Masyarakat Lampung pesisir masih terus melestarikan budaya mereka dalam setiap perhelatan pesta adat digelar. Budaya itu diwariskan secara turun temurun dari generasi ke generasi berikutnya. Mereka berusaha menerjang arus globalisasi yang kian merongrong warisan budaya leluhur. Nyatanya masyarakat pekon Sukajadi Marga Pertiwi, Cukuh Balak di Marga Pugung, Tanggamus masih bisa terus melestarikan budaya daerahnya. 
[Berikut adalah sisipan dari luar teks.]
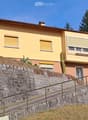 2 story house, yellow exterior, brown roof, stone wall, staircase, balcony, windows with shutters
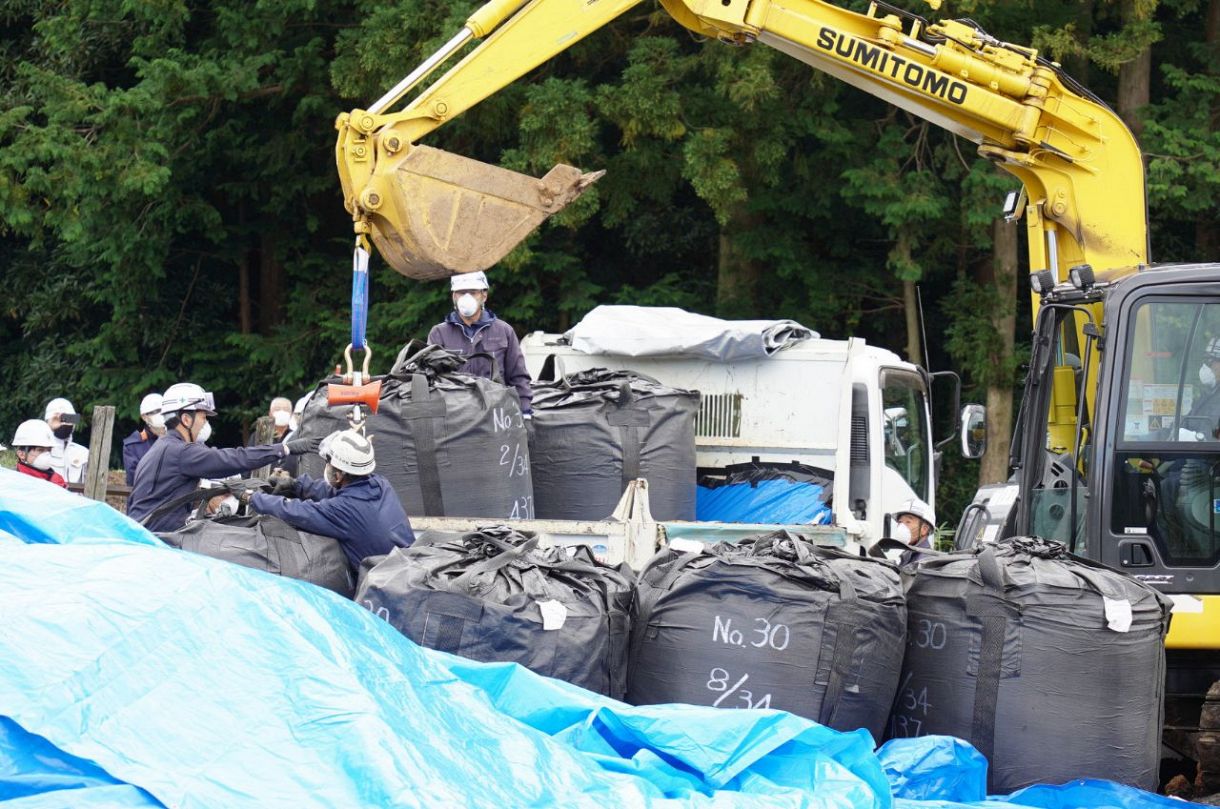 重機で指定廃棄物をトラックに積み込む作業員＝栃木県那須塩原市で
Nayuh merupakan pesta adat Lampung pesisir yang dilaksanakan secara besar-besaran. Banyak rangkaian prosesi yang harus dijalani oleh maju dan bunnting. Maju merupakan sebutan untuk pengantin perempuan sedangkan bunnting merupakan sebutan untuk pengantin pria. Prosesi ngarak maju diawali dengan mengarak kedua pengantin dari gedong dalom menuju rumah sesepuh adat setempat. Gedong dalom sendiri merupakan rumah mempelai pria yang akan melaksanakan nayuh. Kebetulan mempelai pria merupakan keturunan saibatin atau pimpinan tertinggi di kebandaran setempat. Asrori dan Eka demikian nama kedua pengantin yang melaksanakn prosesi ngarak maju. 
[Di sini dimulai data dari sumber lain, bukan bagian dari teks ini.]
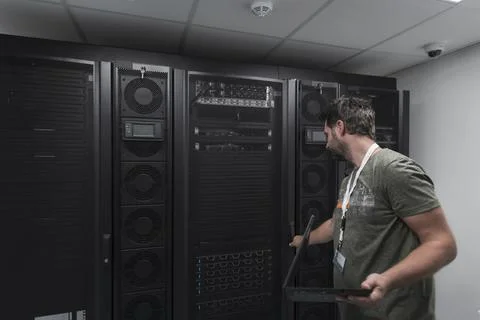 Data Center Engineer Usaing Keyboard on a Supercomputer Server Room Specialist Stock Photos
 Pincak Khakot berada di barisan paling depan


Sesampainya di rumah sesepuh adat setempat maju dan bunnting langsung berganti pakaian adat Lampung pesisir. Begitu pun para panakauan akan berganti pakaian juga. Panakauan merupakan muli dan bebai yang masih memiliki garis keturunan saibatin. Merekalah yang turut dalam prosesi ngarak maju. Selepas berganti pakaian mereka langsung diarak menuju gedung dalom. Ciri yang paling menonjol yakni maju dan panakauan mengenakan sigoh dan bunnting mengenakan iket pujuk. Sigoh merupakan mahkota khas Lampung yang dipakai oleh mempelai wanita sedangkan iket pujuk merupakan kain penutup kepala untuk bunnting dengan bagian yang lancip pada bagian atasnya.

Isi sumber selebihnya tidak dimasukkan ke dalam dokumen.